Kingdom's season 2 was released on Netflix on March 13 but this article will focus on both seasons. The series begins with palace intrigue where the current king is indisposed due to a mysterious illness and the ministers along with the young queen are hardly transparent with the details. Crown Prince Lee Chang (Ju Ji-hoon), the son of a concubine, is refused an audience with his own father by the Queen. The feudal system slowly unravels itself and earlier in the series, Kingdom (adapted by Kim Eun-hee from her webcomic series, and directed by Kim Seong-hun) teases us into assuming that it is about a quest for power that will focus on the elite players in the palace and high societies. But as the series progresses, we realise Kingdom - in twelve crisp episodes over two seasons - is more than that and it trains its eye from an altogether different perspective.
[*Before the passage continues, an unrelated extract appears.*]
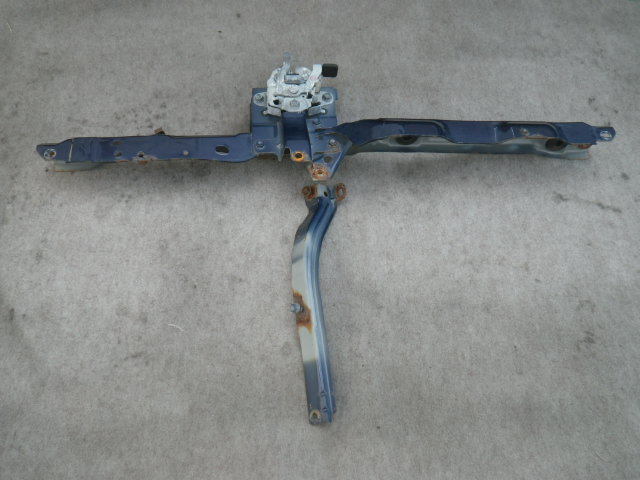 ムーヴ コンテ カスタムRS☆L575S◆ラジエーターコアアッパーサポート 中古品 8117拍卖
The Crown Prince travels South in search of his master to gather more information (Ahn Hyeon has been MIA for three years, supposedly in mourning after his mother's death) and to deal with the troubling developments in the capital city in the North - Hanyang. He travels with his bodyguard Mu-Yeong (a delightful Kim Sang-ho who doesn't mind playing the foil), who is more of a friend and confidante, a relationship that's built on trust and humour, Lee Chang ever ready to make Mu-Yeong feel as if the Prince is no different from common folk. That's the view the show takes. As soon as the Prince steps out, he gets a personal tour of the abject poverty and living conditions that people are wading through in the post-war period, something that's in stark contrast to the opulent capital city with its ministers and scholars. Adding to their woes is the plague that spreads all over the South when a victim who got too close to the king is brought to their part of town. The "disease" makes infected people lose their mental stability and hungry for human flesh. We are also told that sunlight keeps them away while they actively seek to satiate that hunger in the night. The Prince unites with Seo-bi (Bae Doona), an intuitive and fearless doctor in Dongnae, and the mysterious Yeong-shin Jein (Kim Sung-kyu) with his own personal history and vendetta, to fight the disease and make life better for the people in the South.
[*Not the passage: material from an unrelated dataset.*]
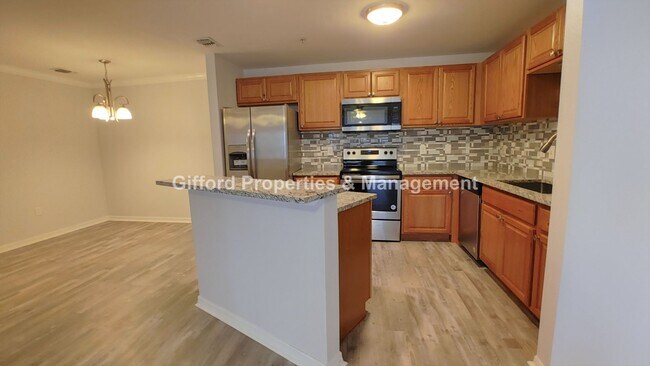 Building Photo - Luxury 2BR/2BA Renovated Avanti Condo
Watching Kingdom amidst the COVID-19 lockdown has its own surrealist trepidation. There are several dialogs about the mission to eradicate the disease, the mutation of the disease due to weather conditions as time passes when they make their way towards Hanyang, and Seo-bi's relentless efforts to discover a cure.

Hanyang is present-day Seoul but it is impossible to look past the North-South dichotomy in the world-building of Kingdom. The North is dictatorial, feudal, and is rife with corruption and violence. In the South, people are more empathetic, even in the time of suffering, and wallow in their state due to the actions and inaction of the North.

Kingdom is quick to shift its point of view and puts the working class as the main protagonists and eschews all bickering among the ruling elite. Minister Cho Hak-ju and the Queen indulge in their respective machinations, but the plague becomes the foremost antagonist of the people. What’s really plaguing the nation is there for all to see.

For a fantasy horror, Kingdom also subverts the usual clichés - it doesn't go after the "chosen one" device. Lee Chang might be at the centre but he has an able and worthy set of partners, all of whom he treats as his equal. He is also not an omnipotent being, he learns on the job and often he is not the most talented or powerful or knowledgeable person in the room.

Those reins are taken over by Seo-bi, a character who is hands-on and crafty, her relationship with the wimpish Beom-pal carefully constructed. She is quick with her mind and feet, and is closest to a ninja-like figure in Kingdom. Almost all the main characters consult her - in deliberate or inadvertent fashion - on several things including the feudal lord at the centre of the conspiracy. Her survival skills are only matched by Lee Chang, but the latter belongs to the upper strata of the feudal society.

The show's lighting and cinematography constantly reinvent, everything from shadows, natural light and tracking shots used with economy and aplomb. Kingdom places character-building above world-building and over the course of two seasons, we begin to see people differently. As does Lee Chang. He has just as much a ringside view as us, one of the show's greatest pleasures.